Data Eng Weekly


Data Eng Weekly Issue #255

11 March 2018

The Strata Data Conference was this week, and there's coverage of a few enterprise releases made there. It was also a popular week for open source releases, with Apache Kafka, Apache Flink, and several other projects announcing new versions. There are also several tutorials, a fantastic article on the data engineering space, and great technical deep dives on Kafka at Cloudflare, Instagram's RocksDB storage layer for Apache Cassandra, and Jepsen testing for Aerospike.

Sponsor

At Foursquare, we understand where millions of phones go everyday. Our tech and map are changing the landscape of social, travel, mobile. We’re hiring data engineers, platform engineers, tech leads, full stack web engineers, +++. Join us!

https://bitly.com/foursquare-jobs-data-eng-weekly

Technical

Cloudflare has a great post on their work to optimize a Kafka cluster by enabling compression. The post describes the motivation, the work they did to get the golang client to work efficiently, and their experience with various different compression libraries. In the end, they were able to decrease network and storage usage by 4.5x.
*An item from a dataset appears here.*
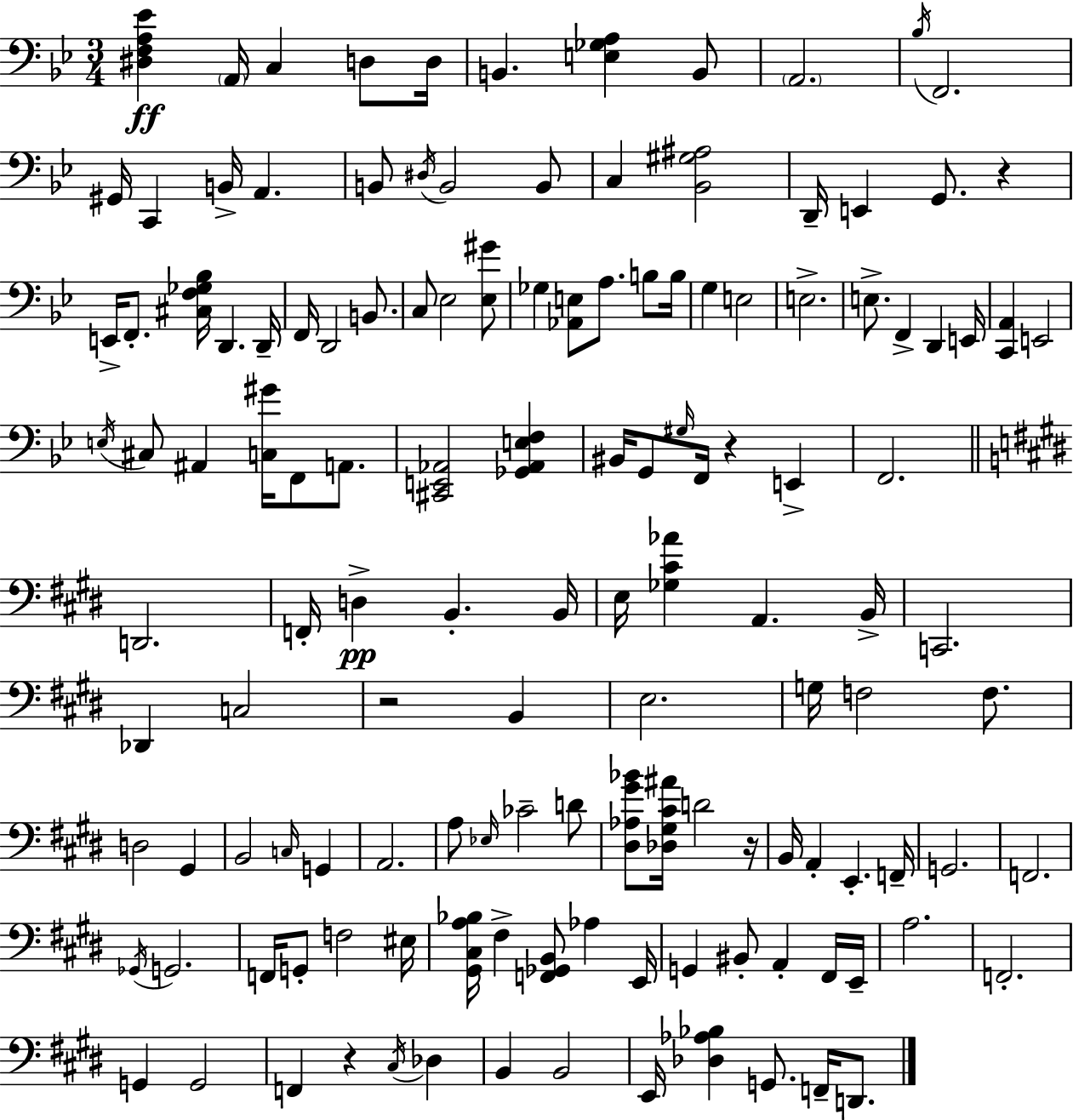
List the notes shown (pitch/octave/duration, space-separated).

[D#3,F3,A3,Eb4]/q A2/s C3/q D3/e D3/s B2/q. [E3,Gb3,A3]/q B2/e A2/h. Bb3/s F2/h. G#2/s C2/q B2/s A2/q. B2/e D#3/s B2/h B2/e C3/q [Bb2,G#3,A#3]/h D2/s E2/q G2/e. R/q E2/s F2/e. [C#3,F3,Gb3,Bb3]/s D2/q. D2/s F2/s D2/h B2/e. C3/e Eb3/h [Eb3,G#4]/e Gb3/q [Ab2,E3]/e A3/e. B3/e B3/s G3/q E3/h E3/h. E3/e. F2/q D2/q E2/s [C2,A2]/q E2/h E3/s C#3/e A#2/q [C3,G#4]/s F2/e A2/e. [C#2,E2,Ab2]/h [Gb2,Ab2,E3,F3]/q BIS2/s G2/e G#3/s F2/s R/q E2/q F2/h. D2/h. F2/s D3/q B2/q. B2/s E3/s [Gb3,C#4,Ab4]/q A2/q. B2/s C2/h. Db2/q C3/h R/h B2/q E3/h. G3/s F3/h F3/e. D3/h G#2/q B2/h C3/s G2/q A2/h. A3/e Eb3/s CES4/h D4/e [D#3,Ab3,G#4,Bb4]/e [Db3,G#3,C#4,A#4]/s D4/h R/s B2/s A2/q E2/q. F2/s G2/h. F2/h. Gb2/s G2/h. F2/s G2/e F3/h EIS3/s [G#2,C#3,A3,Bb3]/s F#3/q [F2,Gb2,B2]/e Ab3/q E2/s G2/q BIS2/e A2/q F#2/s E2/s A3/h. F2/h. G2/q G2/h F2/q R/q C#3/s Db3/q B2/q B2/h E2/s [Db3,Ab3,Bb3]/q G2/e. F2/s D2/e.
https://blog.cloudflare.com/squeezing-the-firehose/

This article provides a fantastic survey of the data engineering space—from tools (such as Hadoop and friends) to the roles and responsibilities of a data engineer to online databases and the CAP theorem to predictions for the future. There's also good list of common terminology (such as data mart, data lake, OLAP/OLTP) and definitions.

https://medium.com/@richard534/getting-started-with-data-engineering-3d2e728d0c1f

Starting with the high-level concept of event sourcing, this post goes into a few architectural options and then describes how to implement event sourcing with Kafka Streams. There are some good tips like how to configure standby replicas and implementing various types of delivery guarantees with Kafka.

https://blog.softwaremill.com/event-sourcing-using-kafka-53dfd72ad45d

An overview of getting Apache Spark, and all of its dependencies (e.g. Java 8) installed on a Mac.

https://medium.com/luckspark/installing-spark-2-3-0-on-macos-high-sierra-276a127b8b85

This post shows how to package Python code and deploy/run it via a Oozie workflow.

http://www.adaltas.com/en/2018/03/06/execute-python-in-an-oozie-workflow/

Instagram has been working on implementing a RocksDB storage layer for Apache Cassandra. As compared to the Java implementation, the RocksDB engine reduces the amount of intermediate/garbage data that Cassandra generates. This, in turn, leads to a much better tail latency due to less garbage collecting. The post has some good insight into challenges in the implementation, which has been open sourced.

https://engineering.instagram.com/open-sourcing-a-10x-reduction-in-apache-cassandra-tail-latency-d64f86b43589

For simple ETL, real-time aggregation, event routing, and similar use cases, Apache Pulsar is adding Pulsar Functions. Inspired by AWS Lambda and Google Cloud Functions, Pulsar Functions use a simple API and the Pulsar cluster for deployment. The post covers the design goals, deployment mechanism, runtime guarantees, and more.

https://streaml.io/blog/pulsar-functions/

The Kubernetes blog has a look at Apache Spark 2.3's Kubernetes integration. It has some details on the implementation, how to get started, and what some of the plans are for the future of the integration.

http://blog.kubernetes.io/2018/03/apache-spark-23-with-native-kubernetes.html

This post has some good tips for working with EMR and Spark, like how to and why to use the EMRFS and advice for sizing a cluster.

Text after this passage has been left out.